Daher beschränkt sich Trump bisher auch auf massiven wirtschaftlichen Druck: Vor über einem Jahr, im Mai 2018, kündigte er einseitig den Atomdeal auf. Das hat für den Iran schwerwiegende Folgen, denn Unternehmen, die mit dem Iran Geschäfte machen, können in den USA dafür verklagt werden. Der Iran ist dadurch de facto von den internationalen Finanzströmen abgeschnitten.
Revolutionäre Bewegung im Iran
Am meisten leiden unter diesen Sanktionen die ArbeiterInnen und Armen im Iran: Während die Mullahs und Kapitalisten natürlich Mittel und Wege finden, ihren verschwenderischen Lebensstil weiterzuführen, explodieren die Preise für Grundnahrungsmittel, Benzin und andere Güter des täglichen Gebrauchs. Fleisch wurde so beispielsweise selbst nach offiziellen Angaben (die heillos untertrieben sind) um 57% teurer, Milchprodukte um 40% und Mieten um 20%! Dass die iranische Führung jetzt nach über einem Jahr angekündigt hat, sich ebenfalls nicht mehr an den Atomdeal halten zu wollen, beweist daher in Wirklichkeit, dass sie mit allen Mitteln versucht haben, den Deal zu retten – um die Wirtschaft und damit ihre eigene Haut zu retten.
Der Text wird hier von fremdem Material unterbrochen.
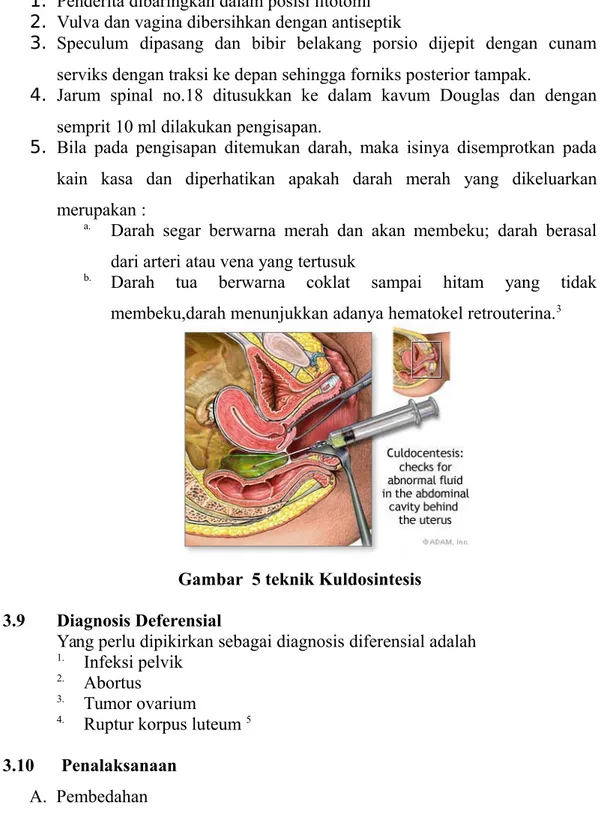 Gambar  5 teknik Kuldosintesis 3.9 Diagnosis Deferensial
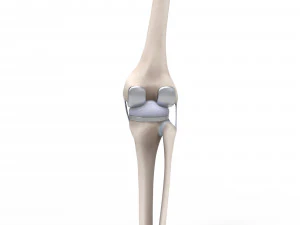 膝关节置换术 3D 模型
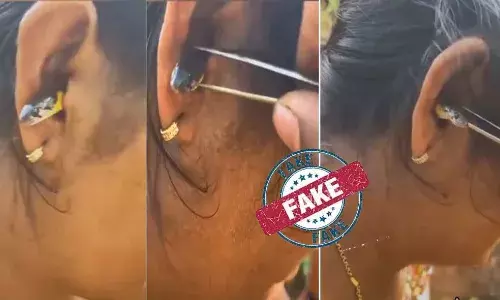 ചെവിയില് പാമ്പ് : പ്രചരിക്കുന്ന വീഡിയോയുടെ യാഥാര്ത്ഥ്യമെന്ത് ചെവിയില് പാമ്പ് : പ്രചരിക്കുന്ന വീഡിയോയുടെ യാഥാര്ത്ഥ്യമെന്ത്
Denn die iranischen Massen haben damit begonnen, gegen die Unterdrückung und soziale Ungleichheit zu kämpfen. Besonders letztes Jahr verging kein Tag ohne Demonstrationen, etwa von ArbeiterInnen, die gegen immer geringere Löhne (oder gleich deren Nichtauszahlung) streikten und demonstrierten, oder Bauern, die gegen das Missmanagement und die Korruption des Regimes im Angesicht einer Dürre auf die Straße gingen. Der Iran ging in großen Schritten auf eine soziale Revolution zu
Indem sie sich nun als Kämpfer gegen den Imperialismus präsentieren, können sich die Herrschenden im Iran eine Atempause verschafft, denn nach Jahrzehnten der blutigen Kriege, Staatsstreiche und Sanktionen der USA in der Region ist die Ablehnung des Imperialismus in der Bevölkerung extrem tief verankert. Es gilt daher umso mehr für Linke und ArbeiterInnen hierzulande, den Kampf gegen die eigenen Herrschenden und ihre Interessen aufzunehmen. Das ist selbst in Österreich, das keine Truppen gegen den Iran aufmarschieren lässt, zentral – verdienen sich doch Glock und Co. mit Waffenlieferungen in die Region eine goldene Nase.
Nein zur Kriegstreiberei, Imperialismus raus aus dem Nahen Osten!